Department of Chemistry, Iowa State University, Ames, Iowa 50011, USA
J Phys Chem A. 2009 Nov 19;113(46):12749-53. doi: 10.1021/jp908032x.
Conical intersections (CIs) of ethylene have been successfully determined using spin-flip density functional theory (SFDFT) combined with a penalty-constrained optimization method. We present in detail three structures, twisted-pyramidalized, hydrogen-migrated, and ethylidene CIs.
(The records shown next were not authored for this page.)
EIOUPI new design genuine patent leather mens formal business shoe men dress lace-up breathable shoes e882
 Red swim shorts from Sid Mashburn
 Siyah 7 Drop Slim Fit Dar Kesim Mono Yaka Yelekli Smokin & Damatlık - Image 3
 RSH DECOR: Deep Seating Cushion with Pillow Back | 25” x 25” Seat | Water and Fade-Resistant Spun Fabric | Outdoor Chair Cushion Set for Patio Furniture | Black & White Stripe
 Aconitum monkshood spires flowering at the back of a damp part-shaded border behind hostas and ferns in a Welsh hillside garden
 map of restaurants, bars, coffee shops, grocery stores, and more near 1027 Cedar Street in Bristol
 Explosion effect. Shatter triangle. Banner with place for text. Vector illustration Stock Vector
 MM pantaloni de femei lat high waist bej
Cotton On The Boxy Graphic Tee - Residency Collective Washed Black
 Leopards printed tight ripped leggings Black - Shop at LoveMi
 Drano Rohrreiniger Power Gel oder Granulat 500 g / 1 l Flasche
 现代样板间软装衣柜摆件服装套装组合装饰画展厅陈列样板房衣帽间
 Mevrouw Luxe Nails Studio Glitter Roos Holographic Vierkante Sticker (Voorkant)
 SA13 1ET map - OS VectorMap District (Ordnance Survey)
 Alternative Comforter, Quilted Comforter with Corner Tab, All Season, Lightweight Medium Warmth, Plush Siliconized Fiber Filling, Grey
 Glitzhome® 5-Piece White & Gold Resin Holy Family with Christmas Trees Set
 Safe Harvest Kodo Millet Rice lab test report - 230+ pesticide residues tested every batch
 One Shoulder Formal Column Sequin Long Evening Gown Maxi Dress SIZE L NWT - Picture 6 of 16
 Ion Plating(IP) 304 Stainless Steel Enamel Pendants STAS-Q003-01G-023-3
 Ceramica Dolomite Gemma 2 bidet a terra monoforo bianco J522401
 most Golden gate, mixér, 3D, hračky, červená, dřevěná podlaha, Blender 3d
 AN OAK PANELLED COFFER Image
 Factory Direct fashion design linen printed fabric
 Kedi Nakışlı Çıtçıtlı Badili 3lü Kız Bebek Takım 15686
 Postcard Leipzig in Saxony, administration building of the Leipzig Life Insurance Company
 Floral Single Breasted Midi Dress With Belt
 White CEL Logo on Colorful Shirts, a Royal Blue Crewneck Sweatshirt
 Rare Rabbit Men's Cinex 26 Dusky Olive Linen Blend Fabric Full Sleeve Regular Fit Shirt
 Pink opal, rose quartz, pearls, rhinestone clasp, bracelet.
In contrast to the linear response time-dependent density functional theory, which predicts a purely twisted geometry without pyramidalization as the S(1) global minimum, SFDFT gives a pyramidalized structure. Therefore, this is the first correct optimization of CI points of twisted ethylene by the DFT method. The calculated energies and geometries are in good agreement with those obtained by the multireference configuration interaction (MR-CI) method and the multistate formulation of second-order multireference perturbation theory (MS-CASPT2).
使用自旋翻转密度泛函理论(SFDFT)结合罚约束优化方法,成功确定了乙烯的锥形交叉点(CIs)。我们详细介绍了三种结构,扭曲的金字塔形、氢迁移和乙基 CIs。与线性响应含时密度泛函理论相反,后者预测 S(1) 全局最小值为纯扭曲几何形状而没有金字塔化,SFDFT 给出了金字塔化结构。因此,这是通过 DFT 方法对扭曲乙烯的 CI 点进行的首次正确优化。计算出的能量和几何形状与多参考组态相互作用(MR-CI)方法和二阶多参考微扰理论(MS-CASPT2)的多态公式得到的结果非常吻合。